Brief ::
Of the lines in the material below, print only those from the one containing "caradendo's tweet photo." to the one containing "#羽跳天 https://t.co/gWnUvsC42C", ends included, exactly as written and without pictures.

Entries shown ::
☆ ☆ ☆ ☆ ☆
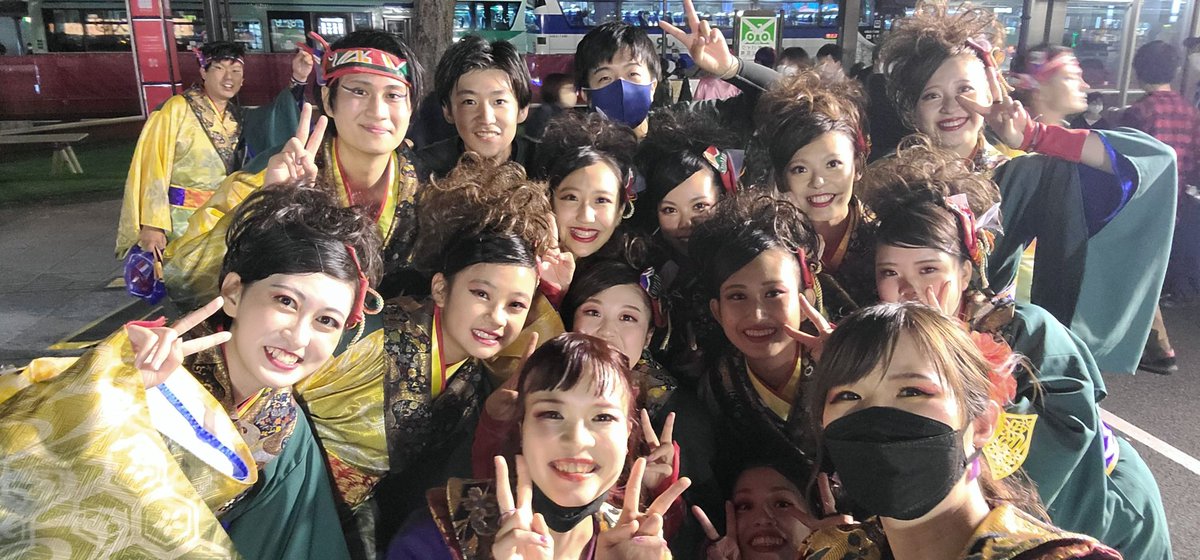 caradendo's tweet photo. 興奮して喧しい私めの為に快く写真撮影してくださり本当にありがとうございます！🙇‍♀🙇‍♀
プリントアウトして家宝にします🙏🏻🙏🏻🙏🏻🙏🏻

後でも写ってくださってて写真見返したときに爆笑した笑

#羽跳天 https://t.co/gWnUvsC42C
☆ ☆ ☆ ☆ ☆
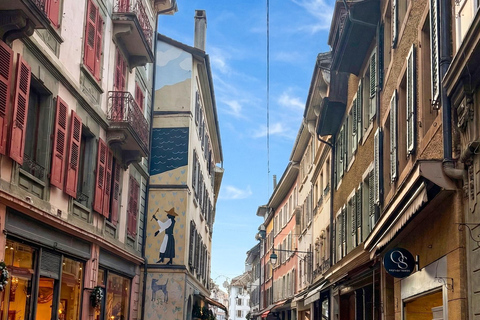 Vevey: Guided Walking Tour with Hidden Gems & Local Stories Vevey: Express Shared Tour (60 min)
☆ ☆ ☆ ☆ ☆
Answer to the exercise ::
 caradendo's tweet photo. 興奮して喧しい私めの為に快く写真撮影してくださり本当にありがとうございます！🙇‍♀🙇‍♀
プリントアウトして家宝にします🙏🏻🙏🏻🙏🏻🙏🏻

後でも写ってくださってて写真見返したときに爆笑した笑

#羽跳天 https://t.co/gWnUvsC42C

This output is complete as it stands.